▶ Data supplied

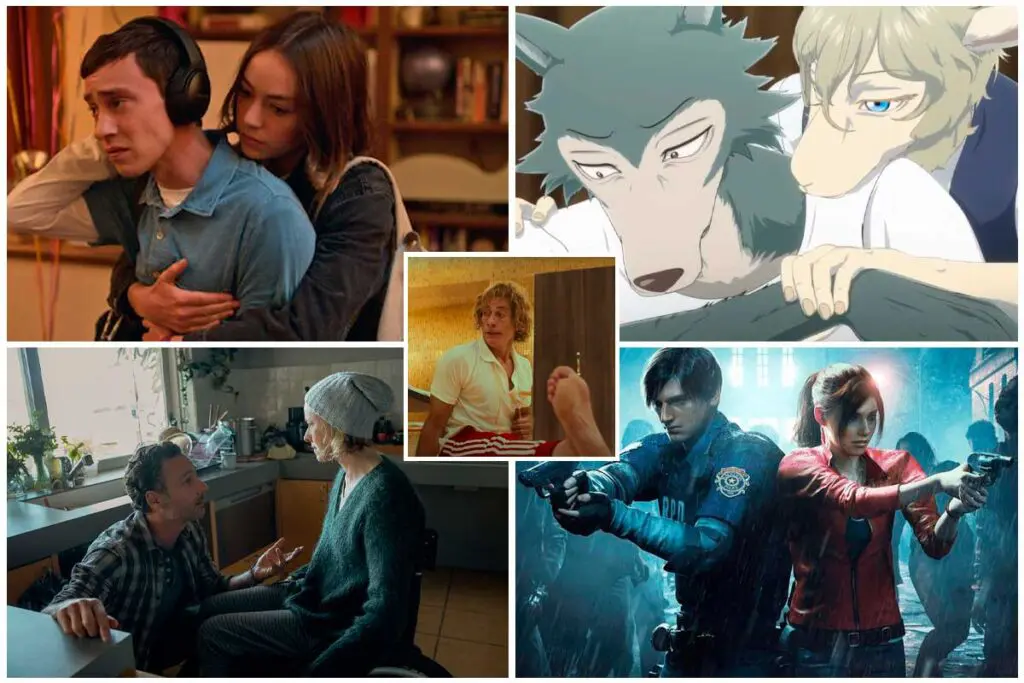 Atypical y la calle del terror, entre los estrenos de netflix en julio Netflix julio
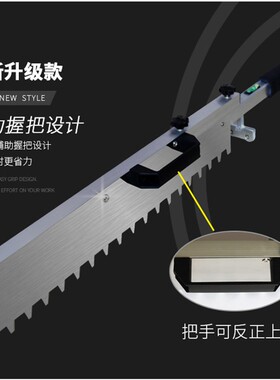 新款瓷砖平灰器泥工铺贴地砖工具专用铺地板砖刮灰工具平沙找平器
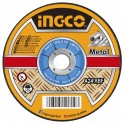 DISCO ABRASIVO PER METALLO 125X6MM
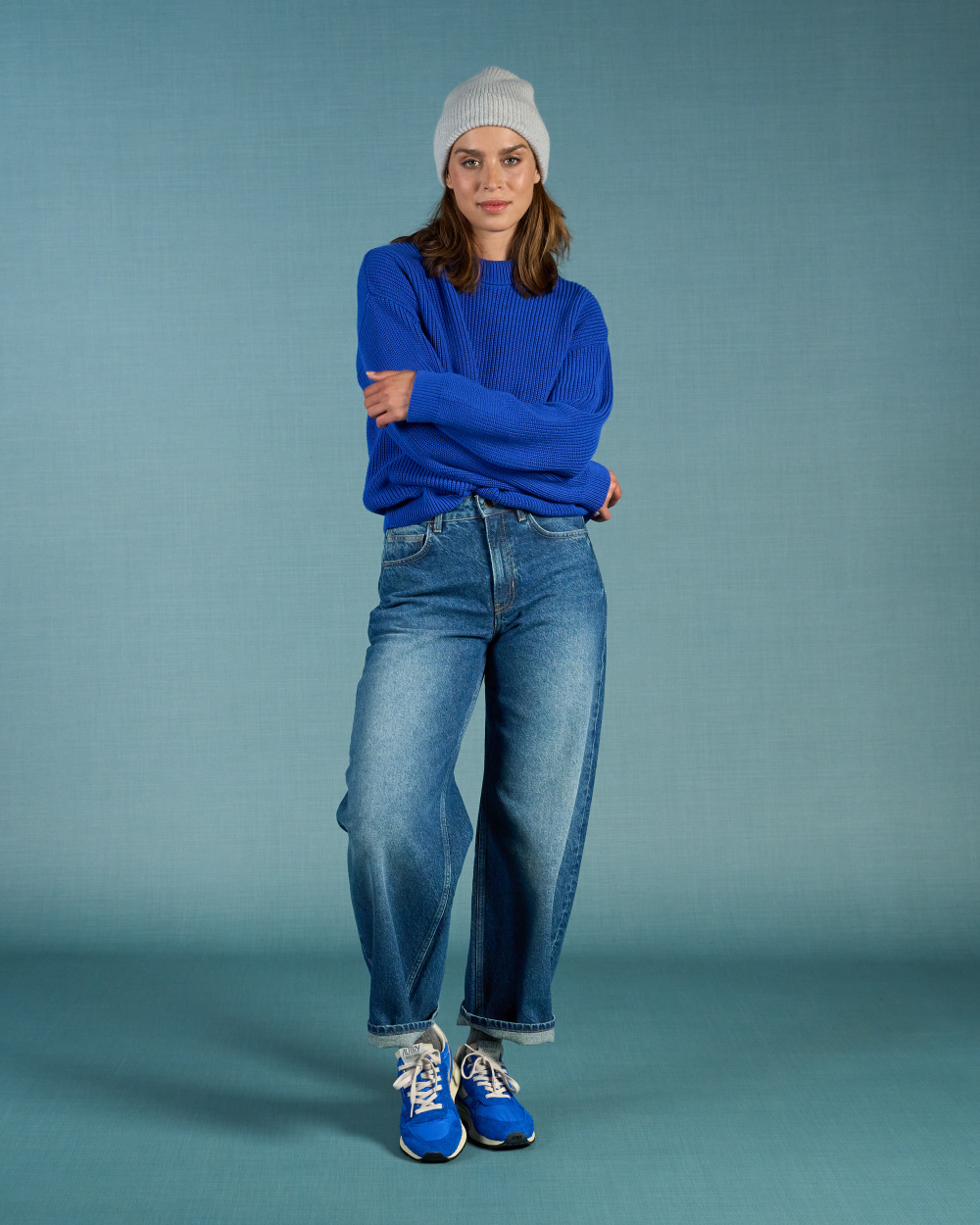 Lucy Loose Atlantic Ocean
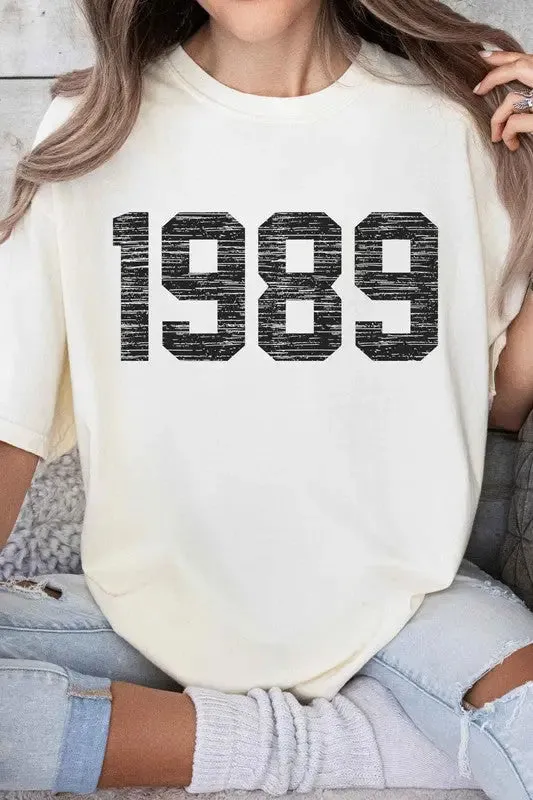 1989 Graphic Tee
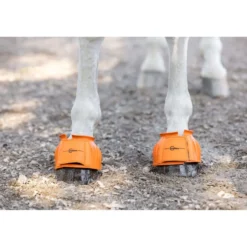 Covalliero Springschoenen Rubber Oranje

▶ Directions
Exact reproduction of the entries above is required, with pictures excluded.

▶ Result of the task
 Atypical y la calle del terror, entre los estrenos de netflix en julio Netflix julio
 新款瓷砖平灰器泥工铺贴地砖工具专用铺地板砖刮灰工具平沙找平器
 DISCO ABRASIVO PER METALLO 125X6MM
 Lucy Loose Atlantic Ocean
 1989 Graphic Tee
 Covalliero Springschoenen Rubber Oranje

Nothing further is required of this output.